# Does this look possibly like a Tibetan Mastiff?



## MyPupLoki (Oct 28, 2009)

They are pretty rare to find in shelters but I saw this posted about some dogs in a high kill shelter and thought that if they were possibly tib. mastiffs they could probably get pulled by a rescue but I wasn't too sure. I've only seen the breed in person a few times. They are marked as aussie mixes but the shape of their head and the coloring on the brownish dog makes me think tibetan as those are the two colorings they come in.

I'm considering pulling them from the shelter..all three the problem is where to be able to take them after..but if i thought maybe they were tibetan mastiffs i could probably get them into rescue..

regardless they're beautiful and even if they aren't i could probably pull them and find them a home..i'll call the shelter after work and find out more but I was curious what others thought about the pictures.


----------



## Dog_Shrink (Sep 29, 2009)

You don't say how large they are and yes finding a tibetan mix in a shelter is HIGHLY unlikely. Those are likely english shepherd mixes. 
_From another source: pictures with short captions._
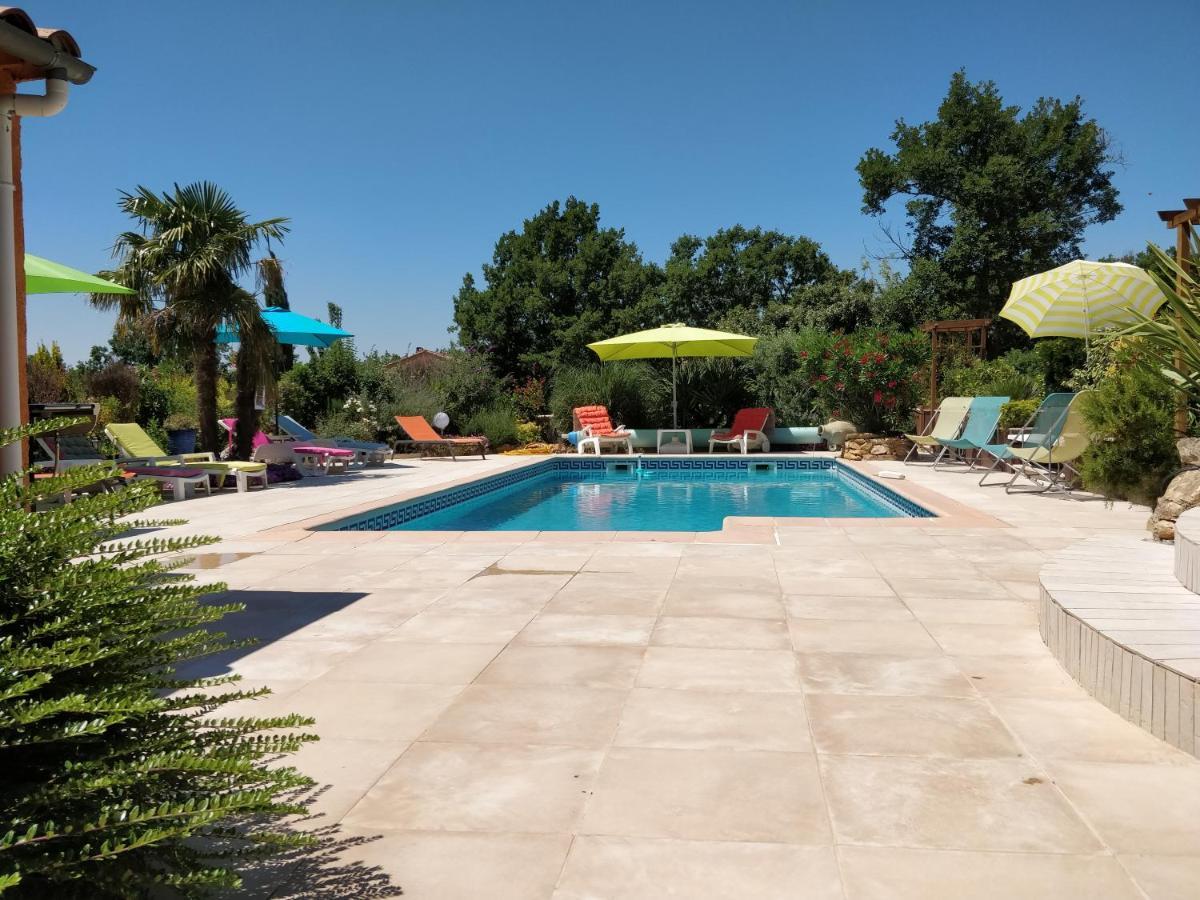 Les Chenes Chez Jo Et Aime Bed & Breakfast Régusse Dış mekan fotoğraf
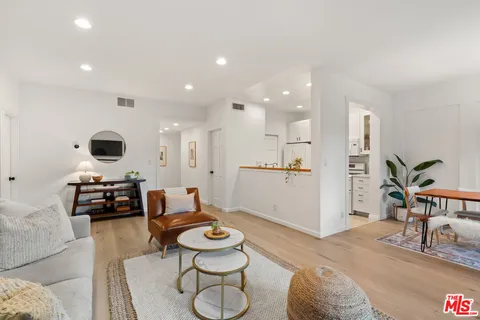 $949,000 | 8180 Manitoba Street, Unit 102, Playa del Rey, CA 90293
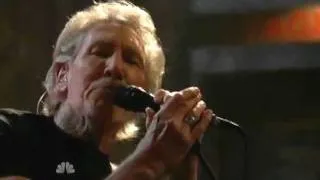 roger waters y foo fighters - in the flesh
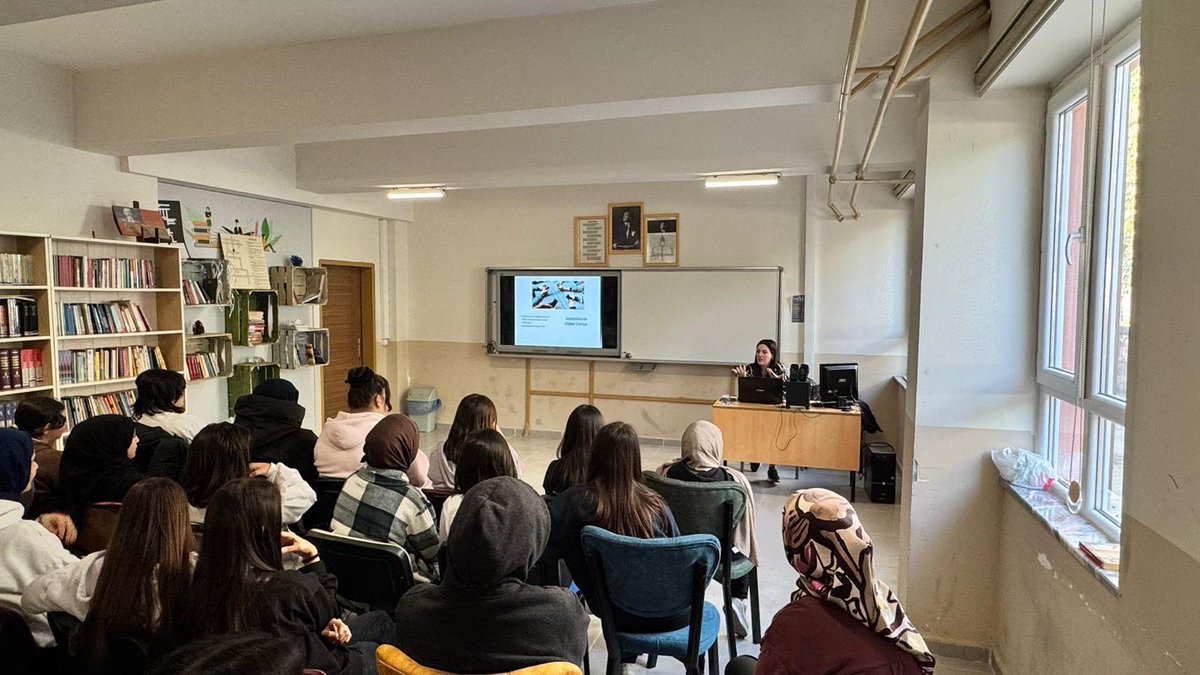 sakaryamem's tweet photo. 📚 Müdürlüğümüz tarafından yürütülen “Kütüphane Demek…” projesi kapsamında Pamukova Mesleki ve Teknik Anadolu Lisesi okul kütüphanesinde, “Kütüphane Demek Güvende Olmak Demek” temalı söyleşi gerçekleştirildi.
🎙 Konuşmacı: Hilal Genç
🗣 Konu: Dijital Dünyada Güvende Kalmak

@tcmeb
@Yusuf__Tekin
@dogan_rahmi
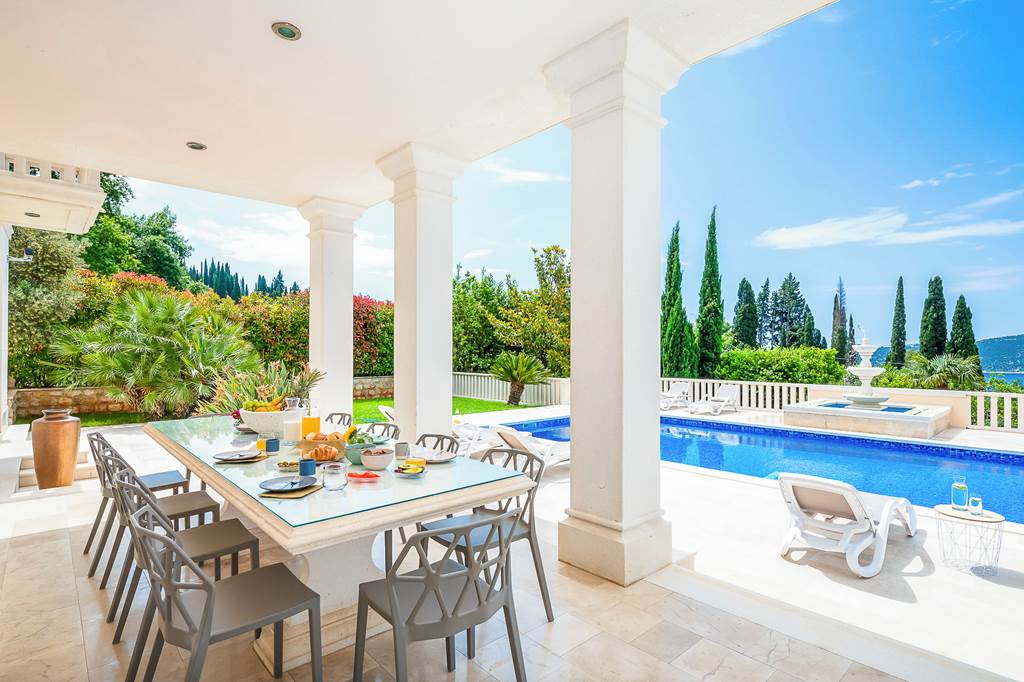 DBV_87414_Villa_Emerald_Shores_0324_24.jpg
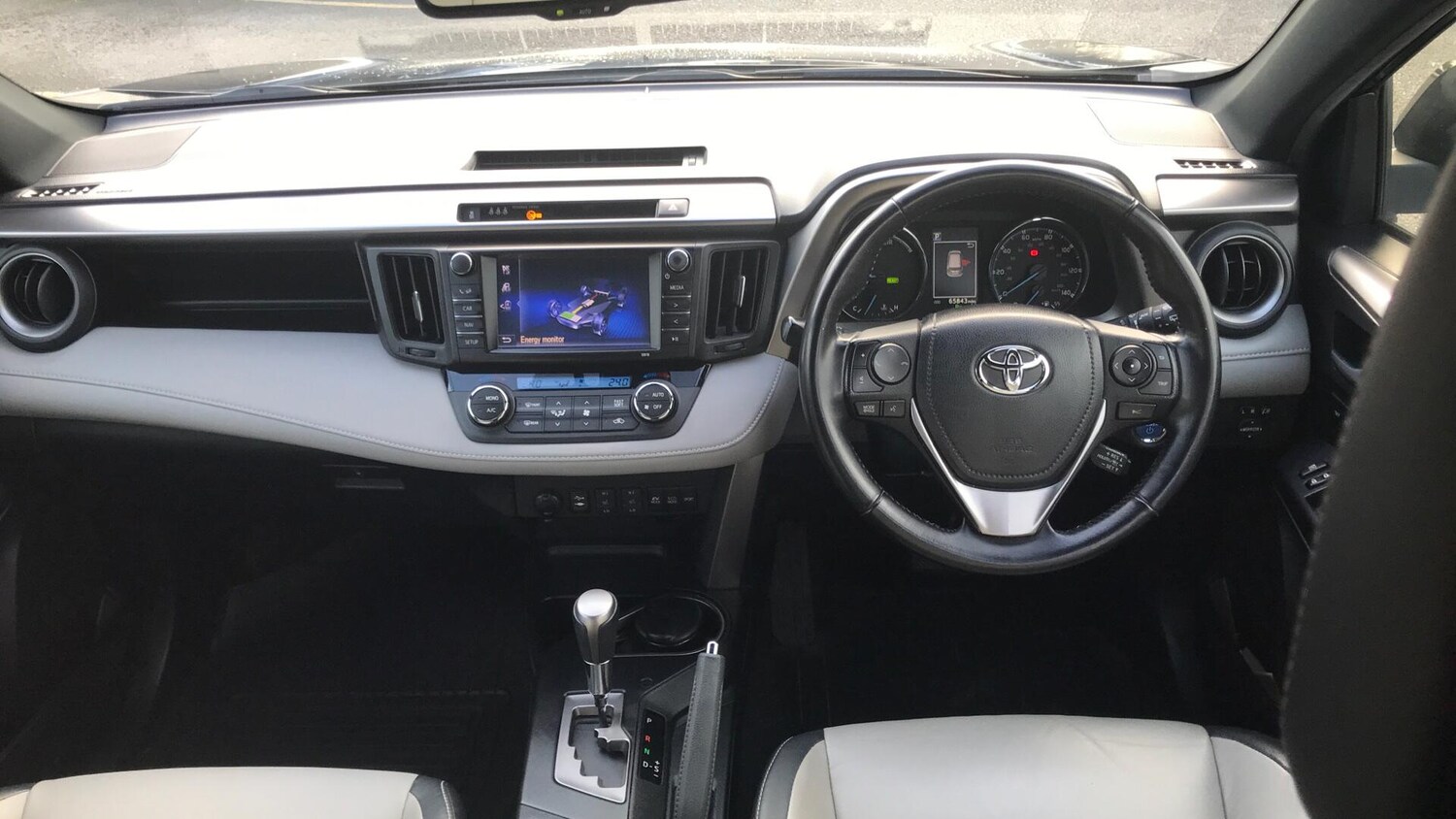 Used Toyota RAV4 2017 for sale - 77637609: Photo 5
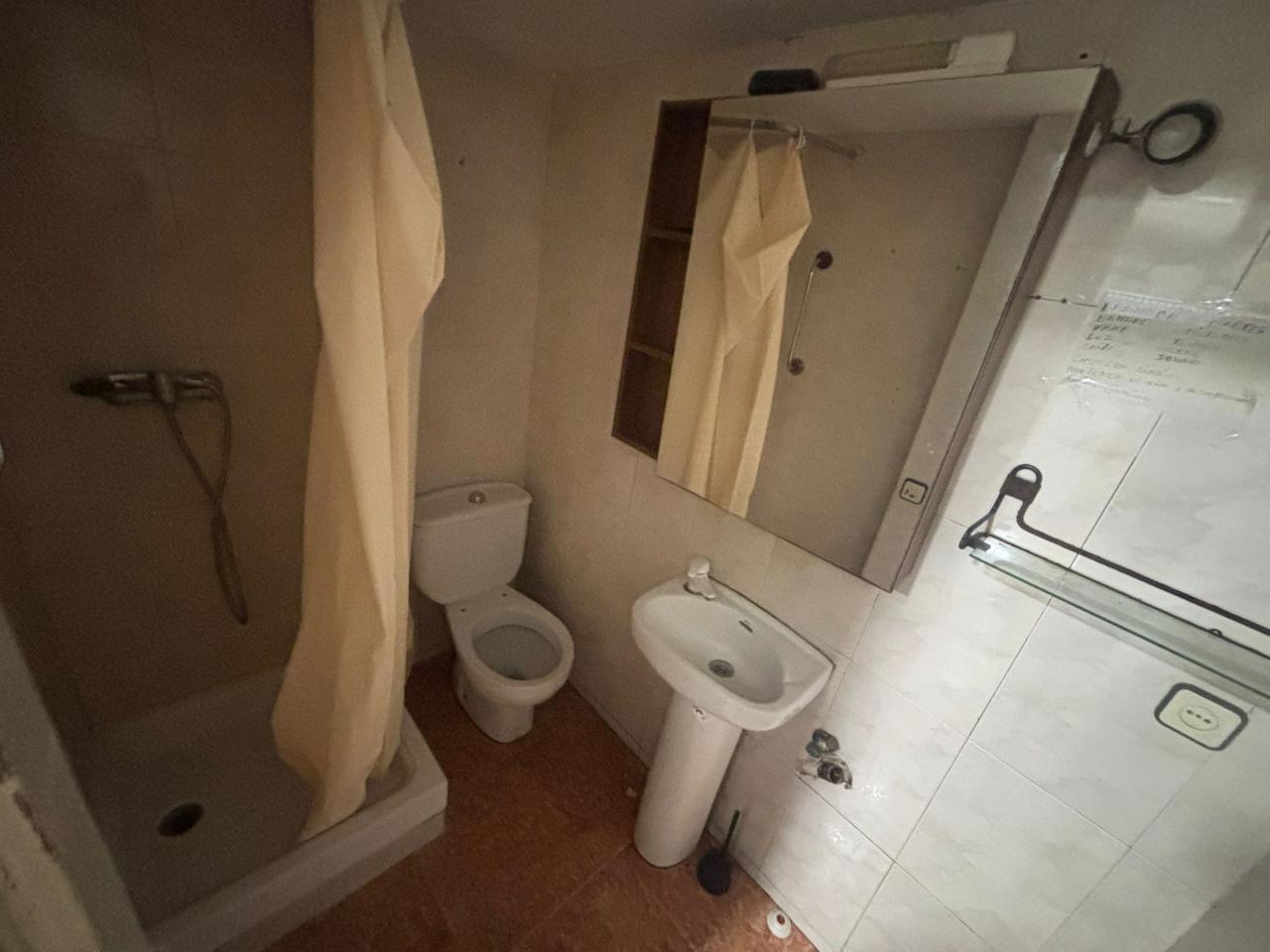 locales-comerciales en barcelona · carrer-de-travau-08031 119000€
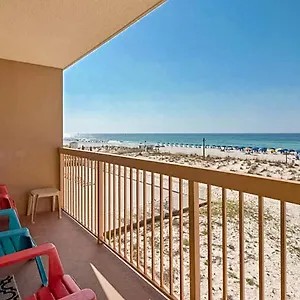 https://pelican-beach-resort.panamacity-beachhotels.com
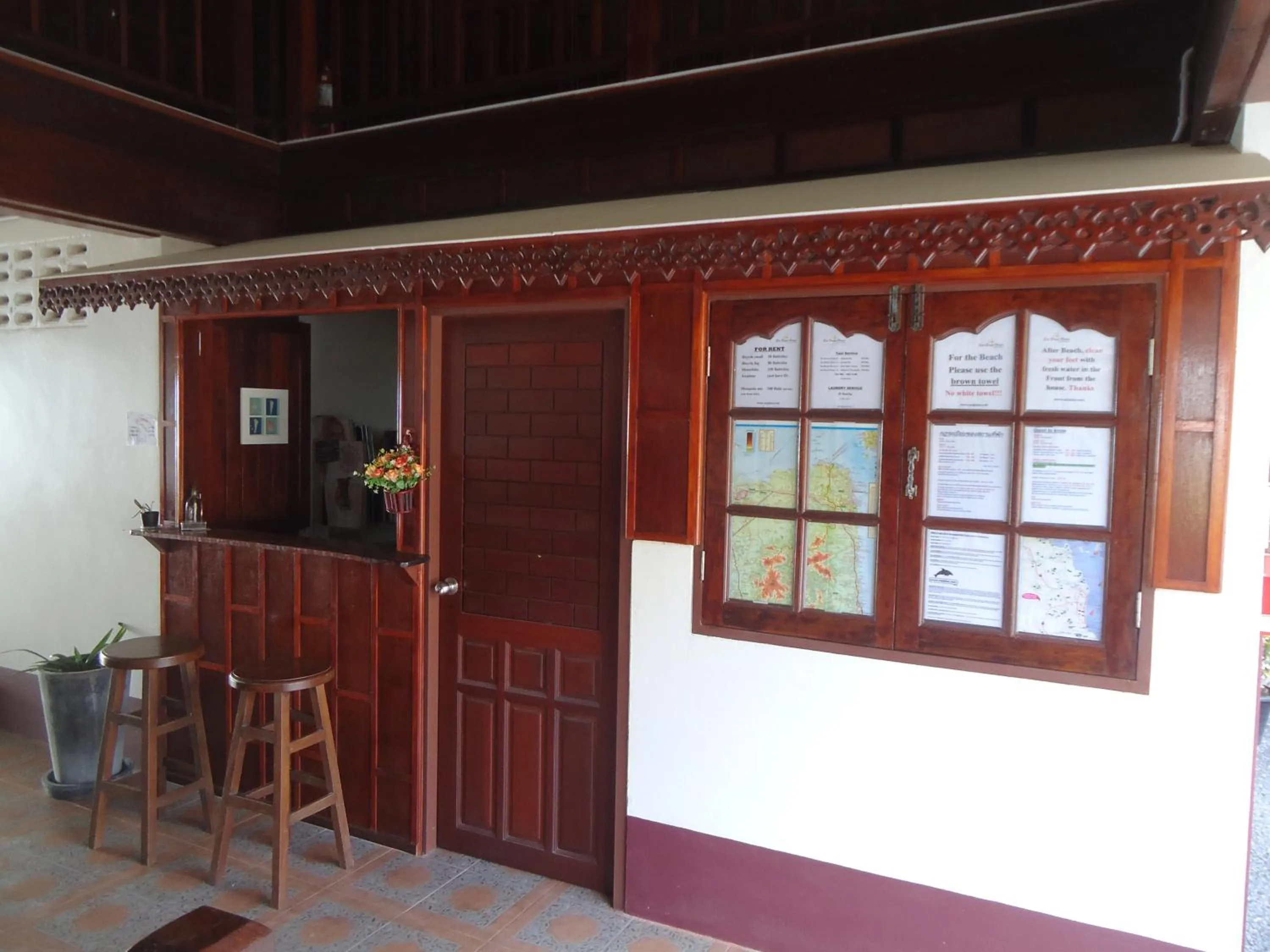 Lobby or reception in Sea Breeze House, Naiplao Beach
The lesser known aussie cousin with the tail that comes in black and tan where as the aussie preferred is tri color if there's black and tan. English are more common than you'd think but often mistaken for rott or tibetan mixes.


----------



## Keechak (Aug 10, 2008)

Ya I thought English Shepherd mix first. Aussies and English split from each other not more than 50 years ago so they look almost identical, the english average a bit larger in size tho.


----------



## Dog_Shrink (Sep 29, 2009)

I'm pretty sure Luna is an English Shepherd. She fits the bio to a T.


----------